Earthenware products still popular in Avanos
NEVŞEHİR - Anatolia News Agency
Avanos town is regarded as the handicraft center of the Cappadocia region. Clay kitchenware has been produced in the town for thousands of years, and the goal of its modern-day artisans, including Gökhan Özgül (below) is to keep this tradition alive by creating new ideas. Earthenware Turkish coffee pots is one these ideas. Hürriyet photoA very old tradition of producing household goods, especially kitchenware, using the clay unique to the region, is still maintained by local potters in Avanos, located in one of Turkey’s most popular tourist destinations, the Cappadocia region.
The town, which is regarded as the handicraft center of the region, draws tourists thanks to local potters, who create new items every day.
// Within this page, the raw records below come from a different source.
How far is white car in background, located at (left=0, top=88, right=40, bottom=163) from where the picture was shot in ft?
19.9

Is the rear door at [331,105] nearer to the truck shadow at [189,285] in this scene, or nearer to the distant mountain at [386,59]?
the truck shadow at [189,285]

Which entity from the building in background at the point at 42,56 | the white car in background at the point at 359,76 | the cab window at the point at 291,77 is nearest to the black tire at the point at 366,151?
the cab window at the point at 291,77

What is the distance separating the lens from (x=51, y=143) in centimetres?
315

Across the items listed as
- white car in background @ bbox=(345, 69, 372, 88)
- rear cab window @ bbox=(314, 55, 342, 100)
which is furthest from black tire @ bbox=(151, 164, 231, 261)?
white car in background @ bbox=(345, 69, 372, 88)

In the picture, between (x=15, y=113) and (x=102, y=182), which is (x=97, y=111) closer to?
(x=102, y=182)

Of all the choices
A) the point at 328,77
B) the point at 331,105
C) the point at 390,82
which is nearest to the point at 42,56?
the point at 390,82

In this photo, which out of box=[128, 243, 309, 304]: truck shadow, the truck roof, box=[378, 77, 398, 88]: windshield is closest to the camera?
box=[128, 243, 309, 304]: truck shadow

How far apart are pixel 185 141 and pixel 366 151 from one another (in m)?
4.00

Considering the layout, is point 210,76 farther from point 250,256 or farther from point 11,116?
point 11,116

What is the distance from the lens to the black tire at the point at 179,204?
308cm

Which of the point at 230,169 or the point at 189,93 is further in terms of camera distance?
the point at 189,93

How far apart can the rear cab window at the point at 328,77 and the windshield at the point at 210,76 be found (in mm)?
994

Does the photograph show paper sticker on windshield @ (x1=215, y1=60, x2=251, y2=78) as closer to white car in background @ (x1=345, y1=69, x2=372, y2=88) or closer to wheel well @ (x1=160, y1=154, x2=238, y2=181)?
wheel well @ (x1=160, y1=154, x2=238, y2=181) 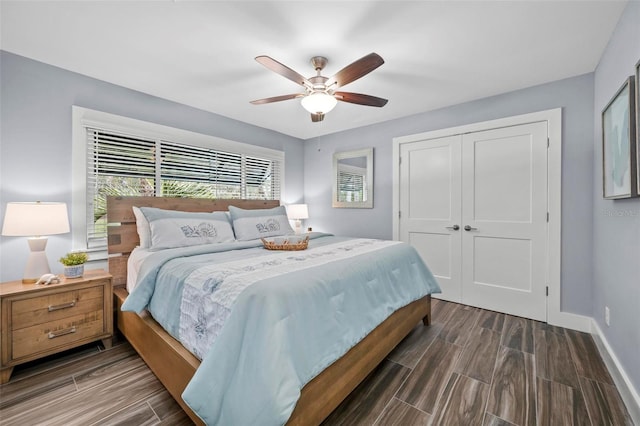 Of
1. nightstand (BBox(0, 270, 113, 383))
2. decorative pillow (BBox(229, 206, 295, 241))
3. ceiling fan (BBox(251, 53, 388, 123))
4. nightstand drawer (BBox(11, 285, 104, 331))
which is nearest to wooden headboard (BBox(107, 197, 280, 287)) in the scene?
nightstand (BBox(0, 270, 113, 383))

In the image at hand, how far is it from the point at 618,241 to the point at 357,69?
2135mm

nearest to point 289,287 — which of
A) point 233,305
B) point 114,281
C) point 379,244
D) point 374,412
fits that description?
point 233,305

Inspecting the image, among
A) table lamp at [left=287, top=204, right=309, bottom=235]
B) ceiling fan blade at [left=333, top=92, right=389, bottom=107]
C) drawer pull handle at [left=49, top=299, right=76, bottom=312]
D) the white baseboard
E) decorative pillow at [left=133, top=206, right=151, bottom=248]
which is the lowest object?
the white baseboard

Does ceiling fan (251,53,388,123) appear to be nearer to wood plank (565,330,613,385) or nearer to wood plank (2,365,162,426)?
wood plank (2,365,162,426)

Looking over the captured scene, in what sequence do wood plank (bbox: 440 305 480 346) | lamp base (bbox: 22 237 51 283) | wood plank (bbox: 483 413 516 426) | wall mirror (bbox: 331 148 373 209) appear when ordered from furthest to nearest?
1. wall mirror (bbox: 331 148 373 209)
2. wood plank (bbox: 440 305 480 346)
3. lamp base (bbox: 22 237 51 283)
4. wood plank (bbox: 483 413 516 426)

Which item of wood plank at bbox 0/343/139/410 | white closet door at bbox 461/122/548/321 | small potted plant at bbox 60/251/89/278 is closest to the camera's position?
wood plank at bbox 0/343/139/410

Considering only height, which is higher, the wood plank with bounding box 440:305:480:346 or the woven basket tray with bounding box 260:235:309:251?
the woven basket tray with bounding box 260:235:309:251

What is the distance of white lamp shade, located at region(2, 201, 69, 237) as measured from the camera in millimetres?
1913

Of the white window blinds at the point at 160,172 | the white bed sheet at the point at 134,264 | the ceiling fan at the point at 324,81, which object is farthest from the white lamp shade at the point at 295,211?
the white bed sheet at the point at 134,264

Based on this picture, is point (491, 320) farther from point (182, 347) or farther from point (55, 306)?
point (55, 306)

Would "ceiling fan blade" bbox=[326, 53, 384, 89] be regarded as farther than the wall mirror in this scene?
No

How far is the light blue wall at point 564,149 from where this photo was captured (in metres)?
2.53

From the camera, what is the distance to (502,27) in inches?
74.2

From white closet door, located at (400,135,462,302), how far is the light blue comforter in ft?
4.68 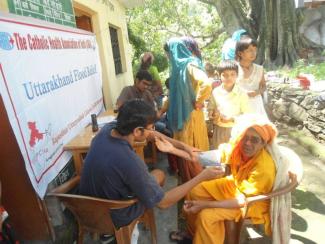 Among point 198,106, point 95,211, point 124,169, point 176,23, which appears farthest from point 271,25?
point 176,23

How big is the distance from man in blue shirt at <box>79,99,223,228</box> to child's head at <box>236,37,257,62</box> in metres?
1.87

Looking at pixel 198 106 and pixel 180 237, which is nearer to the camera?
pixel 180 237

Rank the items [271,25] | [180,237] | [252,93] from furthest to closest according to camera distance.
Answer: [271,25] < [252,93] < [180,237]

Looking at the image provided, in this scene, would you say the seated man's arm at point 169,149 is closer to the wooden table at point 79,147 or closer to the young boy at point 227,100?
the wooden table at point 79,147

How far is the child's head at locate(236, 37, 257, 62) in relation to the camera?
3279 millimetres

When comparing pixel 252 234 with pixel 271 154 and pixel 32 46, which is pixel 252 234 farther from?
pixel 32 46

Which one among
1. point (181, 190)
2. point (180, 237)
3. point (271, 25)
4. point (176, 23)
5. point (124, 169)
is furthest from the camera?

One of these potters, Gökhan Özgül has recently begun producing earthenware Turkish coffee pots, claiming that they make healthier and tastier Turkish coffee, an important tradition in the country. The coffee pots have drawn great interest from tourists, Özgül says.
Özgül produces his earthenware coffee pots in his own factory, and has been producing pottery for 21 years. He says earthenware cooking vessels have drawn greater interest in recent years because they are healthier to use than metal ones. “That is why I began producing earthenware Turkish coffee pots,” he said.
Clay kitchenware has been produced in Avanos for thousands of years, and the goal of its modern-day artisans is to keep this tradition alive by creating new ideas.
“We may be the last representatives of this handicraft in Avanos. We want this tradition to survive, and this is why we have to renew our craft by producing new and different products. My recent observations have led me to produce this earthenware coffee pot and it is quite popular,” he said.
Besides coffee pots, Avanos’ potters also produce and sell earthenware demijohns, water bottles, yogurt dishes, cheese plates and other items, Özgül said.
Red soil of the region
Avanos overlooks Turkey’s longest river, the Kızılırmak (Red River). The red soil of the region provides local potters with the raw material used to produce the pottery and bricks for which Avanos is famous. The soft and oily clay soil gathered from the mountains around Avanos and old beds of the Kızılırmak is sifted and turned into mud. Pottery is made by shaping the mud with some skill on a foot-powered wheel. The pottery is first dried in the sun and then in shade, and afterward is fired in kilns that heated with straw and woodchip fires to between 800 and 1,200 degrees.